Provided data

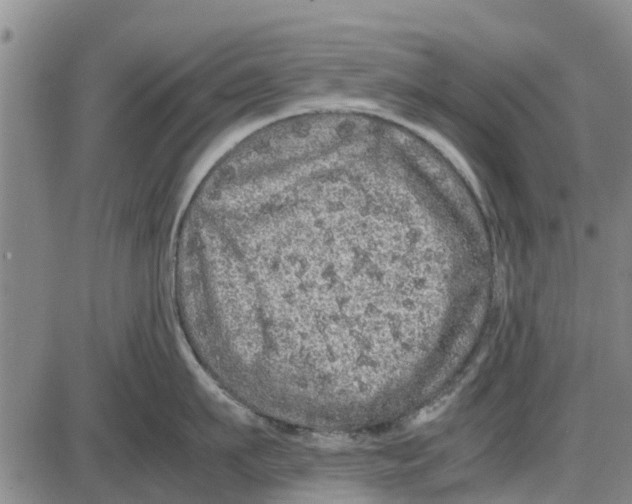 X0000085070911200704021408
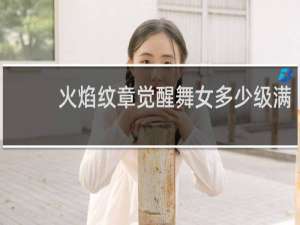 火焰纹章觉醒舞女多少级满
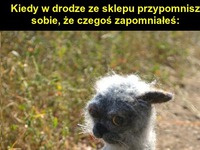 Znowu zapomniałem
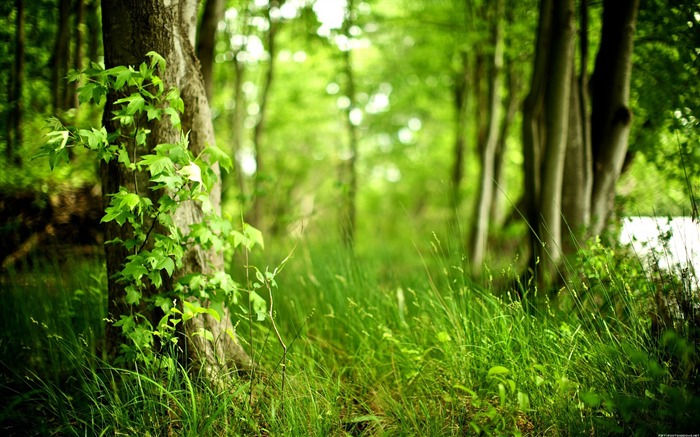 Photographie de paysage naturel temps fonds d'écran Vues:45720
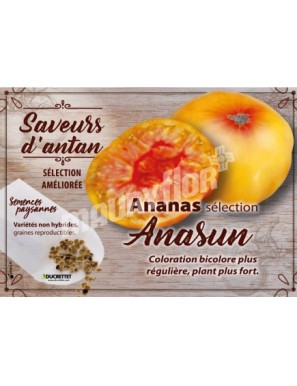 Tomate Ananas Sélection Anasun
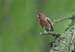 purple-finch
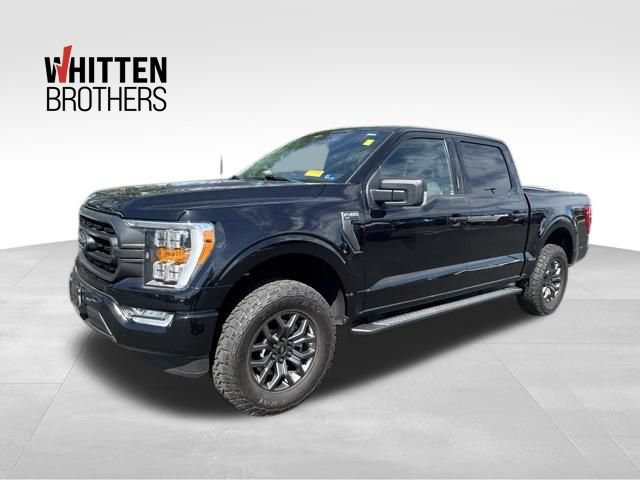 Used 2023 Ford F150 XLT w/ Equipment Group 302A High AWD/4WD image 1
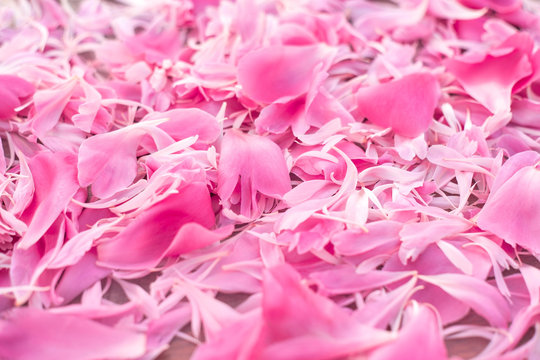 Beautiful peony petals scattered all over the place. Close-up natural photo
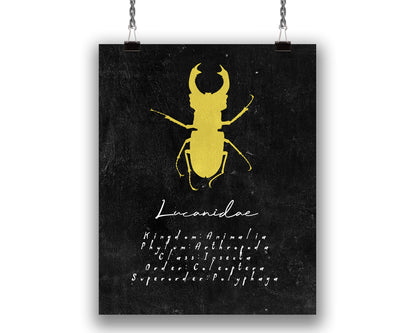 Stagle Beetle Insect Art Print, Entomology Decor for Bug Lovers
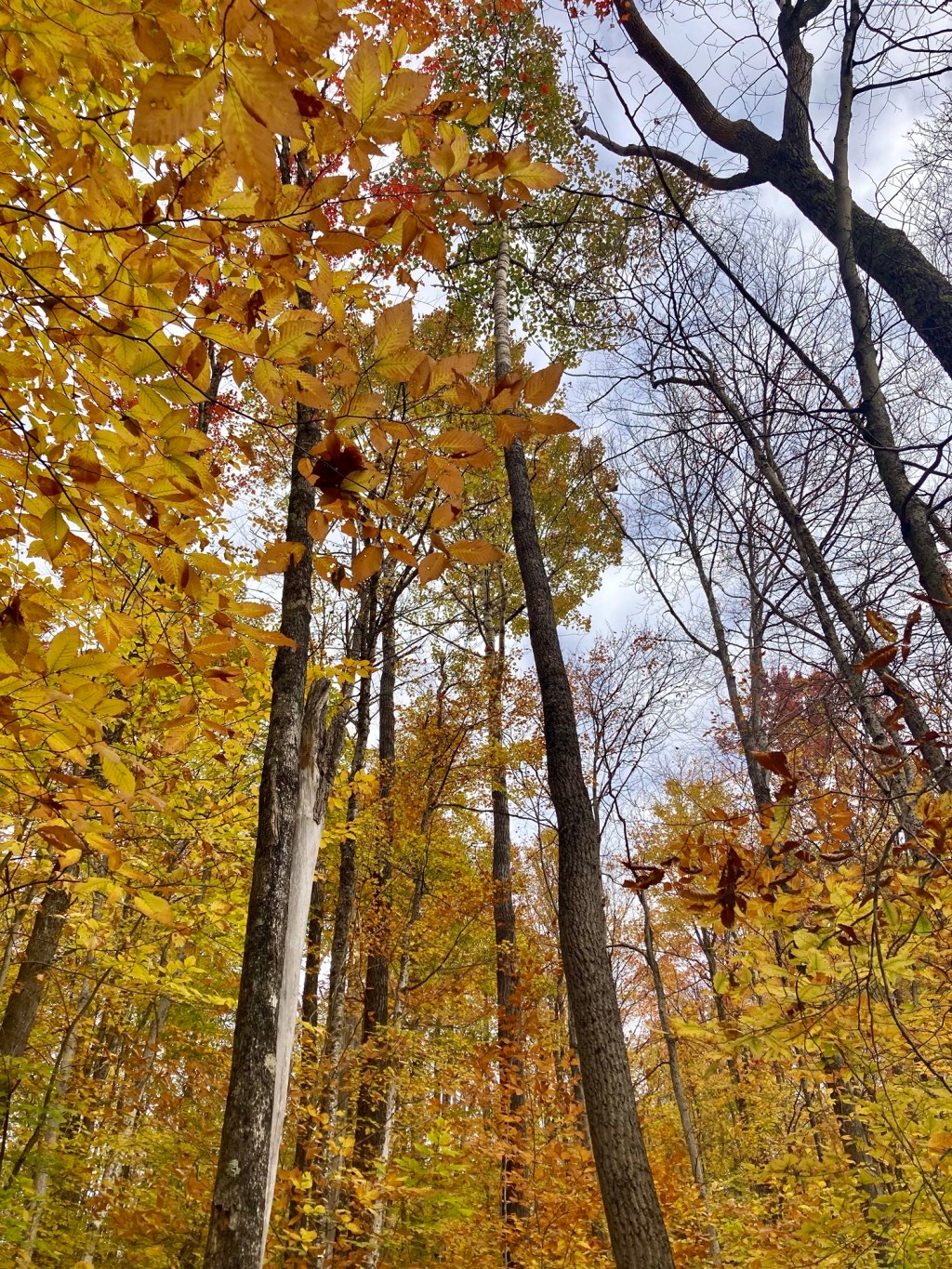 An Adirondack Autumnal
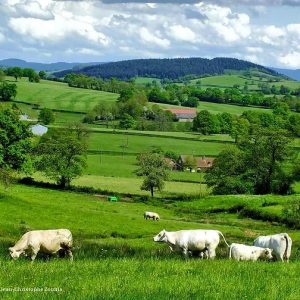 Hébergement insolite en Bourgogne, avec des vaches paissant dans un paysage verdoyant.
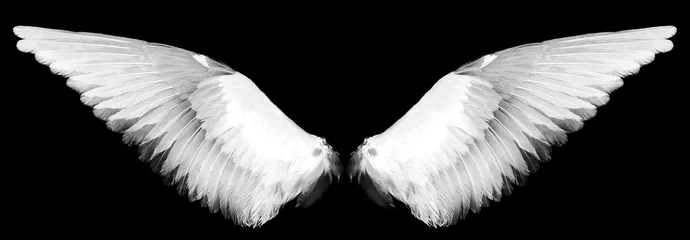 Fotobehang witte vleugels op een zwarte © supasart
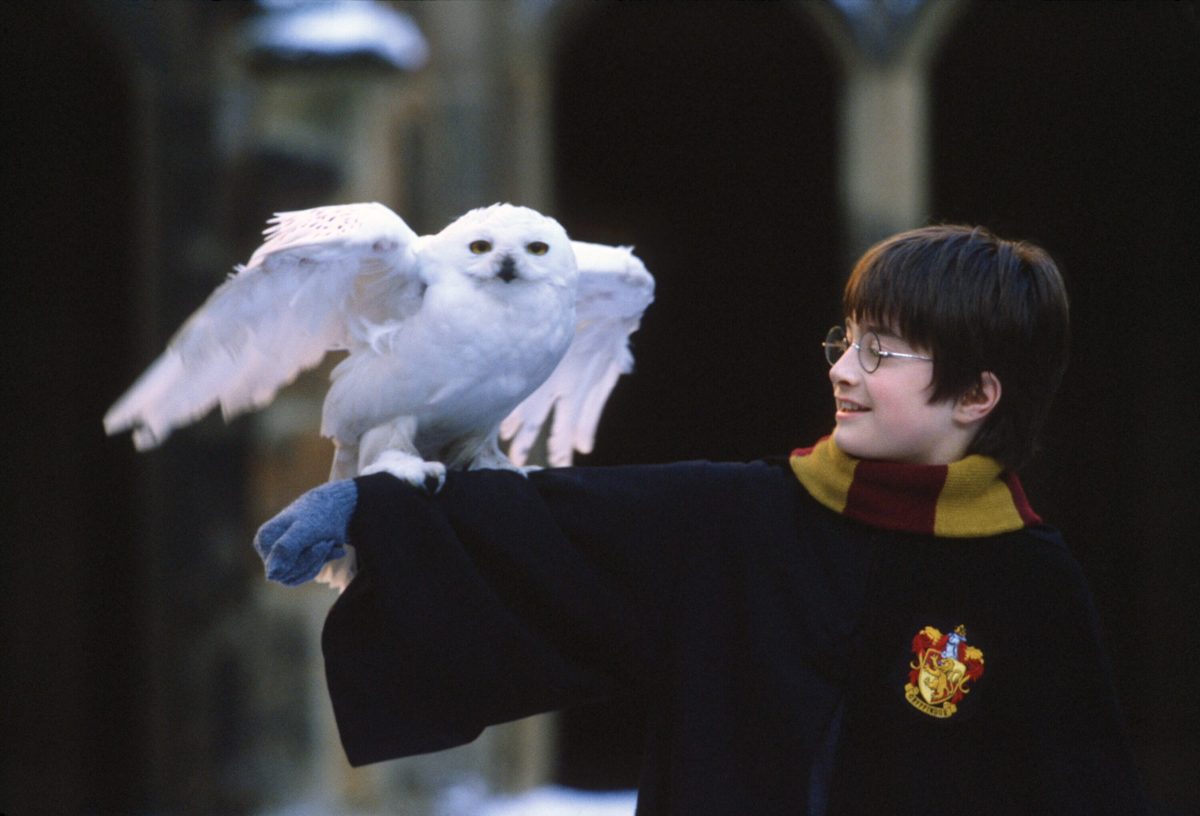 Harry Potter a Hedvika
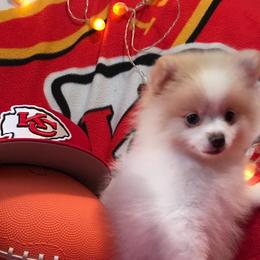 Pomeranian Puppies from Regal Poms
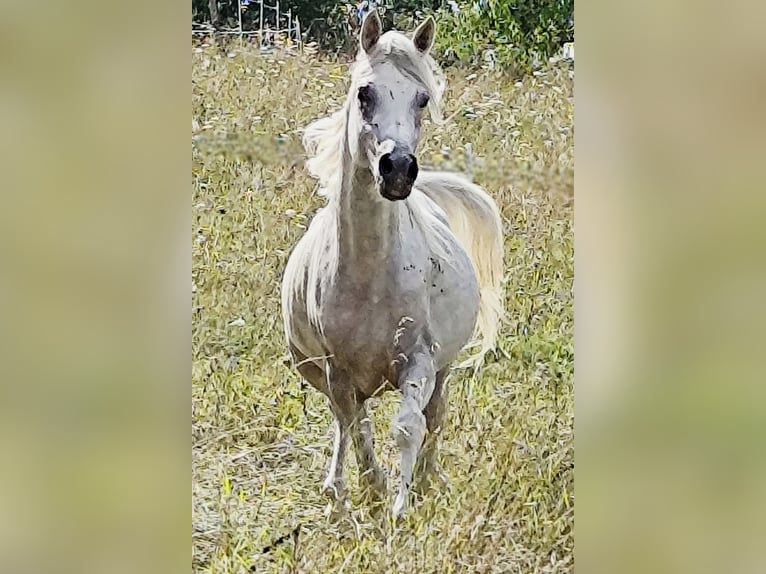 Asil Arabier Hengst 4 Jaar 155 cm Schimmel in Gersheim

Work required
Give back each entry exactly as it appears. Leave pictures out.

Exercise response
 X0000085070911200704021408
 火焰纹章觉醒舞女多少级满
 Znowu zapomniałem
 Photographie de paysage naturel temps fonds d'écran Vues:45720
 Tomate Ananas Sélection Anasun
 purple-finch
 Used 2023 Ford F150 XLT w/ Equipment Group 302A High AWD/4WD image 1
 Beautiful peony petals scattered all over the place. Close-up natural photo
 Stagle Beetle Insect Art Print, Entomology Decor for Bug Lovers
 An Adirondack Autumnal
 Hébergement insolite en Bourgogne, avec des vaches paissant dans un paysage verdoyant.
 Fotobehang witte vleugels op een zwarte © supasart
 Harry Potter a Hedvika
 Pomeranian Puppies from Regal Poms
 Asil Arabier Hengst 4 Jaar 155 cm Schimmel in Gersheim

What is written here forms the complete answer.